The Future of Crowdfunding in Australia
Since the exponential growth in recognition of crowdfunding platforms such as Kickstarter and Indiegogo, business startups have been provided a viable avenue in which to pursue their entrepreneurial projects. Spearheading the creation of new market categories are projects such as the first commercially successful smartwatch, the Pebble Time, raising a record-breaking total of $20,338,986 and achieving an approximate 4067% increase on their initial goal of $500,000.
With the introduction of the recently passed Corporations Amendment (Crowd-sourced Funding) Bill 2017, unlisted public companies with less than $25 million in assets and turnover will be able to raise up to $5 million through crowdfunding. Though equity crowdfunding legislation has already been implemented by our counterparts overseas for a while now, these new equity crowdfunding laws represent a significant step into a niche market of Australian investors.
What implications will this have on the Australian market?
What is crowdfunding?
Crowdfunding is the act of raising capital by soliciting funds from a large quantity of investors, typically as a consequence of a start-up’s inability to access conventional means of investment via bank loans or angel investor-backing. Most people are familiar with rewards-based funding which as the name suggests, rewards investors with pre-order bonuses and early versions of products in return for their pledges.
By using online platforms, entrepreneurs have access to a larger pool of prospective investors who deem the concept viable and contribute capital to see the project into fruition. They operate similarly to “fans” as opposed to “investors” that have a vested interest to see its success.
This practice can be beneficial to early-stage startups as it can allow for the testing of the market. They can gauge the amount of public interest in a product or service and gain insight into its potential reception at launch.
The rise of equity-based funding
This type of crowdfunding allows investors to acquire an equity stake, or partial ownership of the company in anticipation of potentially profitable investments, in return for financial backing. It is an alternative to traditional crowdfunding but similarly carries the same level of risk as with any kind of investment.
While crowdfunding can operate as a marketing tool in validating a product and getting a project off-the-ground, equity crowdfunding concentrates on raising working capital, and dealing with expenses for day-to-day operations. Established startups may benefit from this by acquiring the necessary capital for operational purposes such as fulfilling of product orders and restocking of inventory. This may allow for the streamlining of business.

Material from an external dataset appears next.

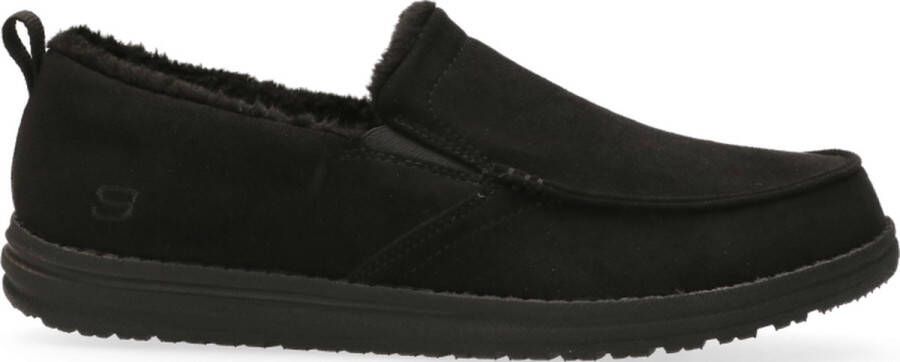 Skechers Relaxed Fit Melson Willmore Dichte pantoffels Heren Zwart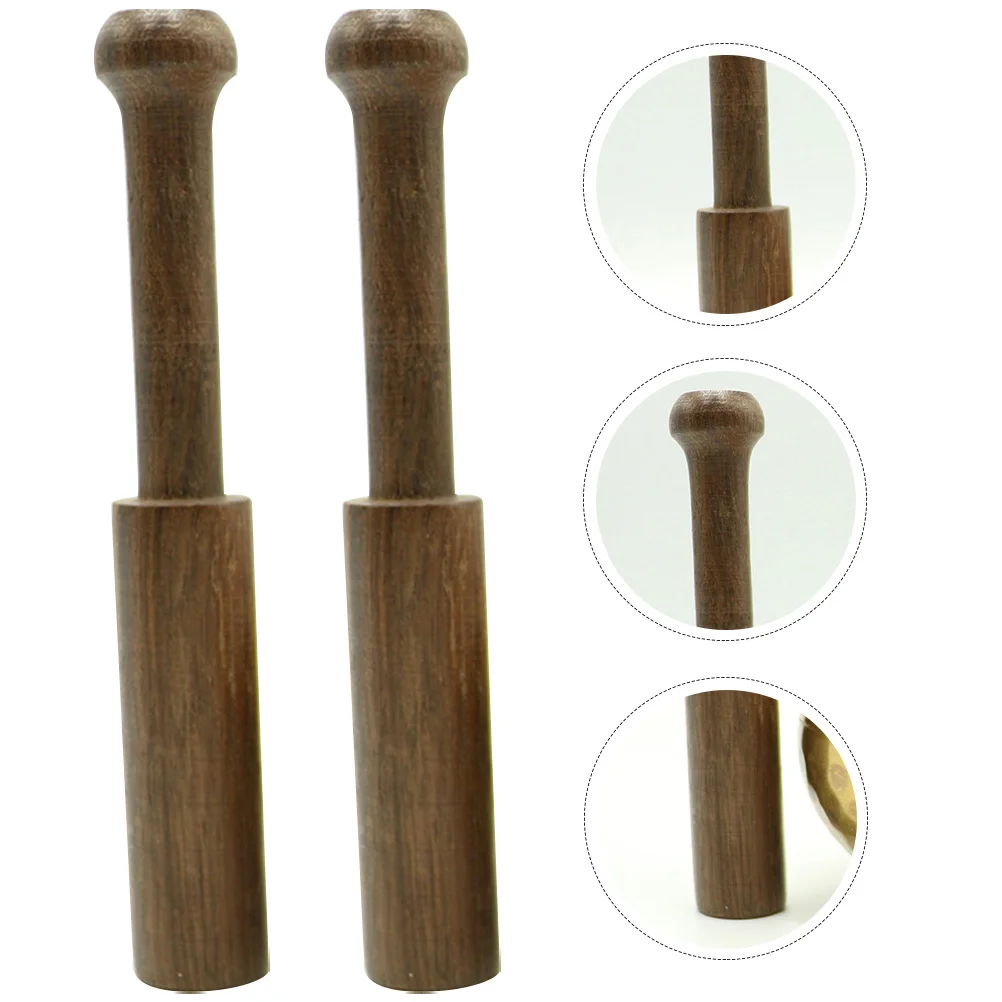 

2pcs Wooden Singing Mallet Buddha Stick Sound Accessory Wood Sticks Small Light Singing Bowl Striker Wood Sound Bowl Stick For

What does this new legislation mean?
Currently under the new legislation, we can see an exclusion of proprietary companies, a structure utilised by 99% of businesses in the country. Though the Labour Party has made several failed attempts to expand its scope, with the aid of crowd-funding platform, Equitise, they are continuing to cooperate with the government to establish a framework to incorporate proprietary companies.

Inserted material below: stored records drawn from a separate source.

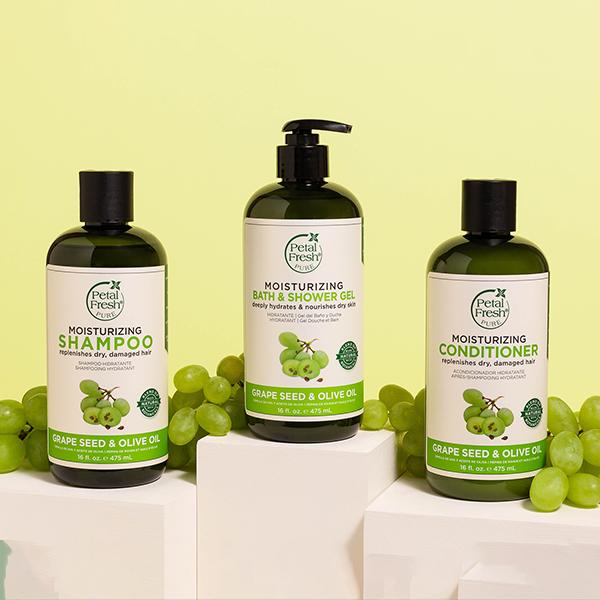 Petal Fresh Moisturzing Grape Seed and Olive Oil Bath and Shower Gel 475 ml - Shower Gels & Body Wash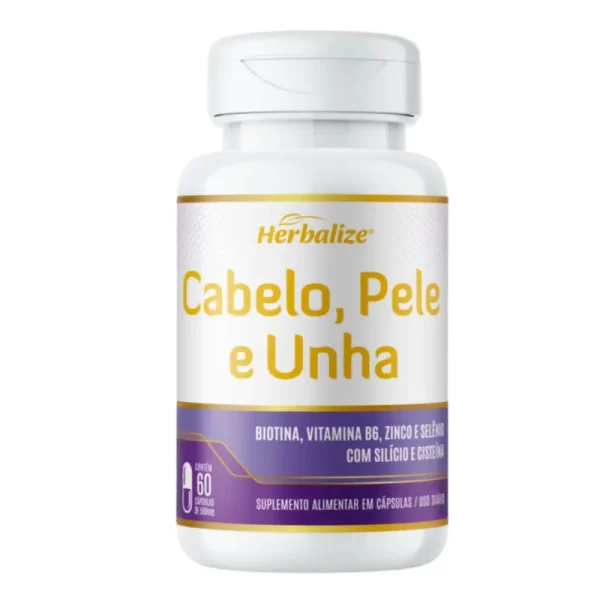 Cabelo - Pele - Unha 60 cápsulas 500mg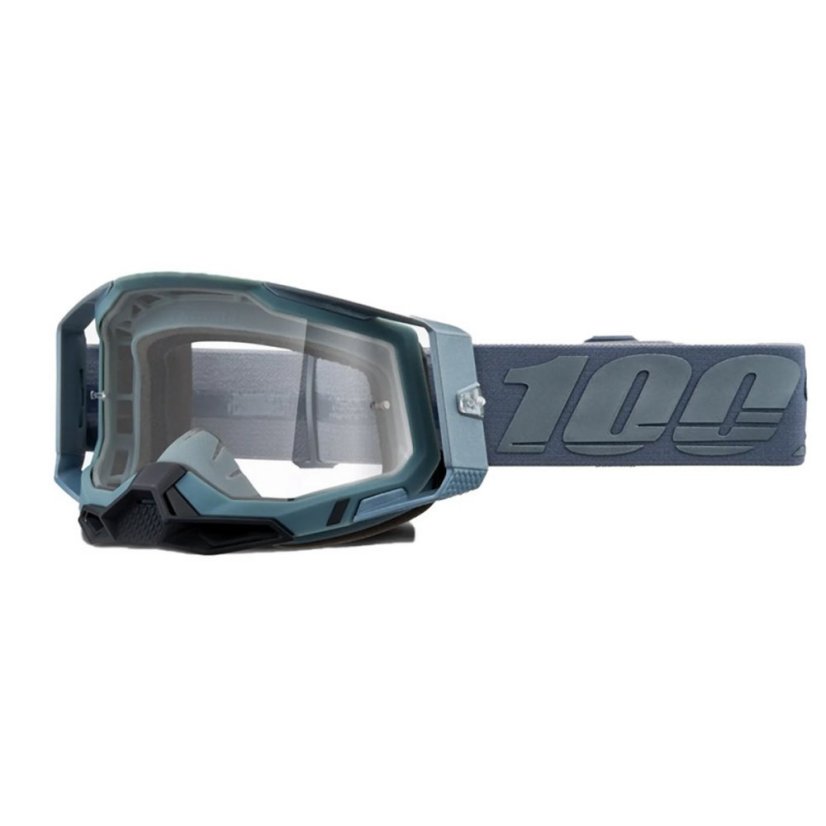 100% GOGLE MODEL RACECRAFT 2 SZARE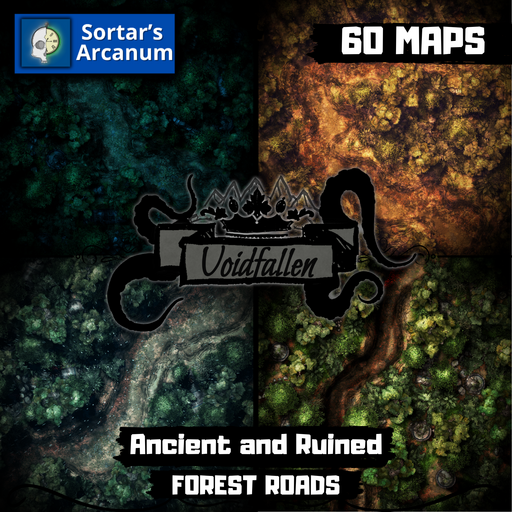 Ancient and Ruined Forest Roads 5-Pack - Combat Pack - 60 Maps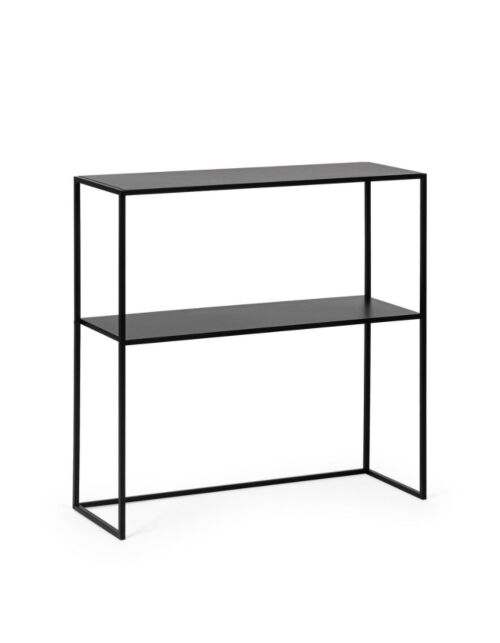 BIZZOTTO consolle rettangolare ALRIK nero 78x78h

Another troubling obstacle with this model as stipulated in one amendment, is the implementation of a 5-day cooling period in which investors have the capacity to revoke their investment. This can generate certain levels of uncertainty and make the market open to manipulation.

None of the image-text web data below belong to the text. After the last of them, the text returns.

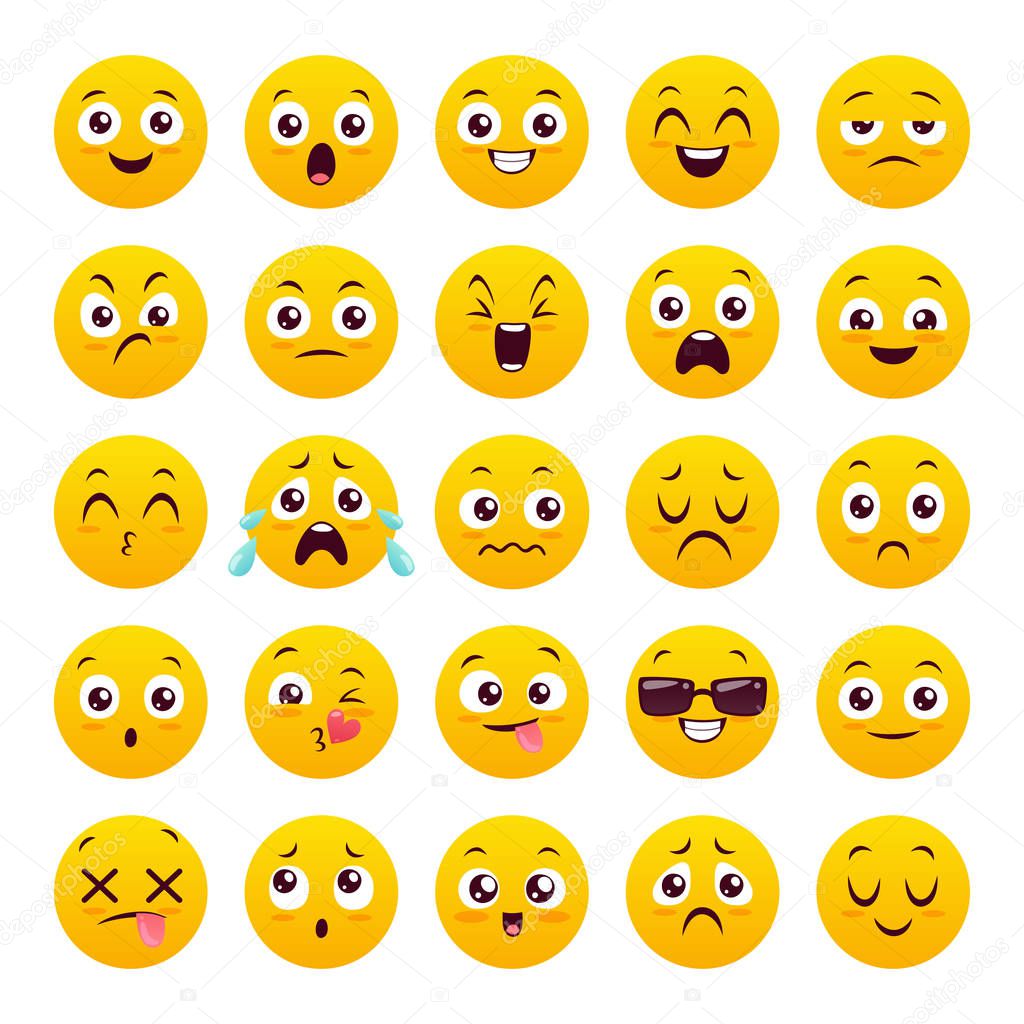 Web emojis set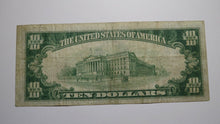 Load image into Gallery viewer, $10 1929 Meriden Connecticut CT National Currency Bank Note Bill! Ch. #720 VF!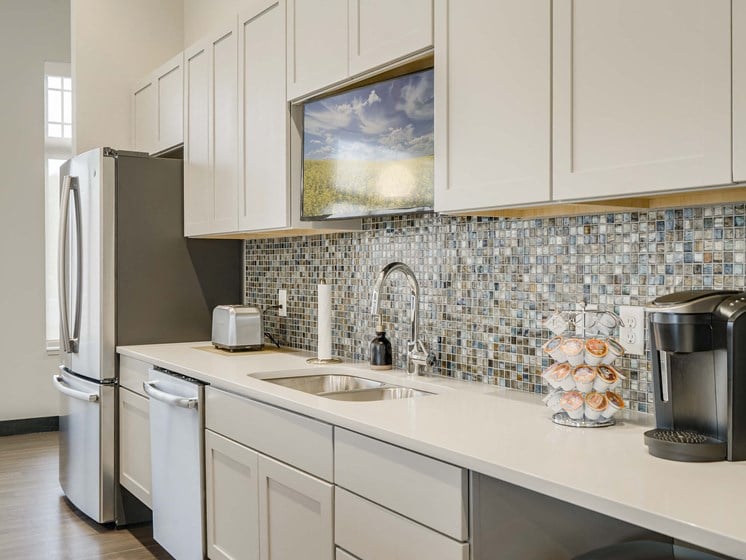 Modern and luxurious clubhouse at The Flats at Shadow Creek new luxury apartments in east Lincoln NE 68520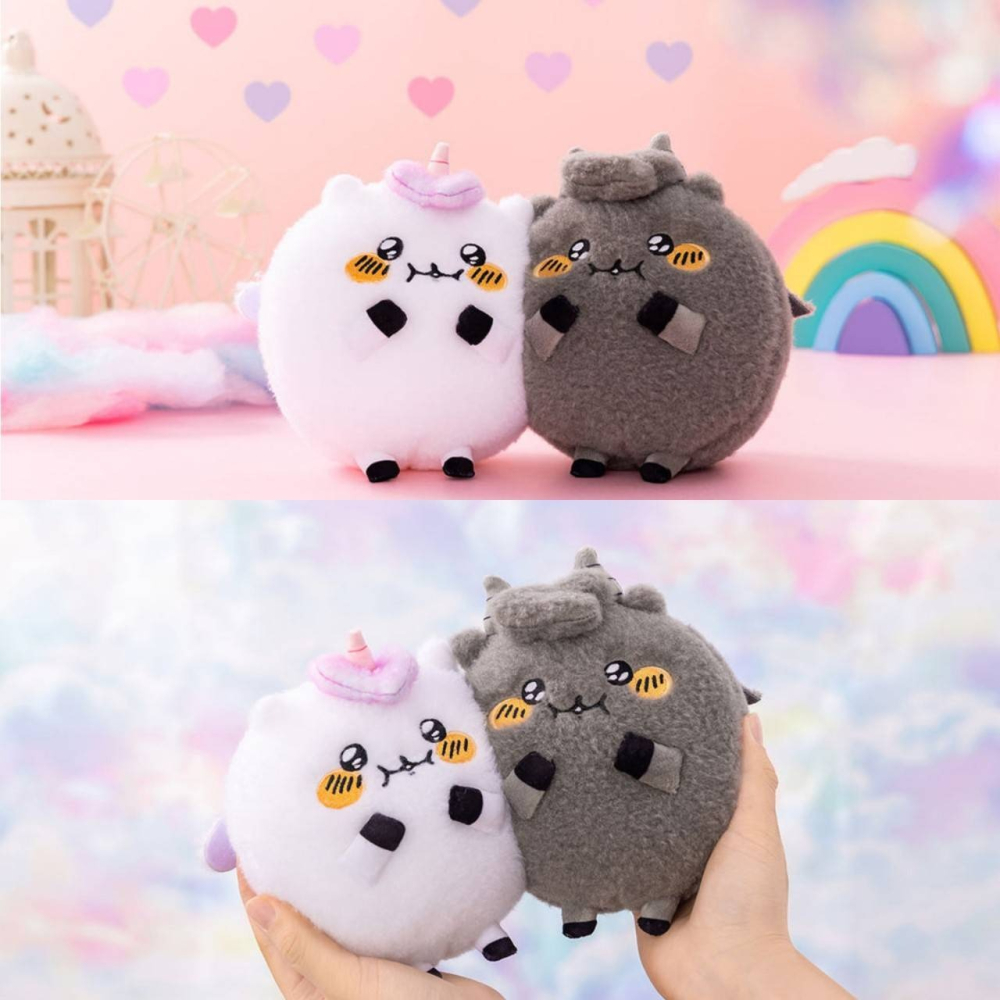 😉日本自嘲熊寶寶S娃 毛絨絨貼貼獨角獸娃S娃 Nagano官網娃娃 自嘲熊baby 水汪汪獨角獸 雙角獸娃娃-細節圖3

As Jo Burston, CEO and founder of Rare Birds, commented to Business Insider Australia, “Whilst it's a step in the right direction…I am concerned about the amount of red tape and and restrictions the current laws pose on startups who wish to raise funds through [equity] crowdfunding.”
Should I use equity crowdfunding?
Equity-based funding offers a promising alternative but lacks accessibility to a large majority of businesses right now. This is a fairly new concept and is unexplored territory for Australian investors.
If the international markets lead by example, with the success of campaigns such as Elio Motors and Snapwire, there is a lot of opportunity down under. Furthermore this offers a wealth of new employment opportunities with this potential influx of growing businesses.
The future of crowdfunding
Australia is falling behind the other markets considering the legislation has already taken a whole 15 months to cross the finishing line, but at least the foundations have been set. Hopefully with proper guidance and direction of legislation over the latter half of the year before the framework is set, we will soon see the flourishing of this new form of crowdfunding.